I just finished reading this tome and hated that there wasn't more!
By the time I got to the last page, I felt as if secrets that had been kept for decades has been revealed to me personally. If Mickey Cohen came alive again, I'm sure I could recognize him -- and know him for what he was. With all his idiosyncracies, there was humor and absurdity mixed into the brew. The other gangsters were equally three-dimensional and fascinating.
Paul Lieberman spent 20 years putting this book together. It was a labor of love by a top notch writer/reporter. He went after his story and chased down every living member of the Gangster Squad -- hard-nosed cops who bent every rule to go after the mob. It was a war of wits. They did whatever it took to find out what the gangsters were doing and risked life and limb to stop them.

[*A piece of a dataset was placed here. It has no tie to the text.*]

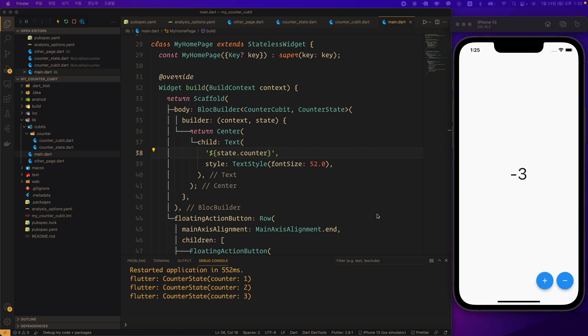The third method is to use the build context extension method. We will see how to do this next time.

Relatives of the gangster squad filled out details of the past that only family would have known. Lieberman didn't let go of his story. He was clearly in love with the people who cared enough to be good cops. With the tenacity of a born reporter, the author sought out every shred of information, every detail anyone alive might have known about the police and the gangsters.

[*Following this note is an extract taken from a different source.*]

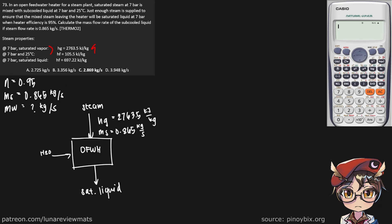Same thing for our sub-cooled liquid. This is HF1, given here, 104.5 kJ/kg. And of course, the enthalpy of our saturated liquid, HF at 7 bar, 697.2 kJ/kg.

What gives the book extraordinary color and richness is the tone of it. It is history, but it doesn't read like history. It is a conversation -- a long conversation -- full of juicy details we might have heard if we were standing behind these guys and listening to them plot and plan. Thanks to Paul Lieberman, their stories will not get lost or buried.
As a post script, I have to add that I wrote for the L.A. Times a long time ago -- before Paul Lieberman joined the staff. I wish I had been around later and had the pleasure of meeting him. He is an example of the first class people that I worked with at the Times. They were the best.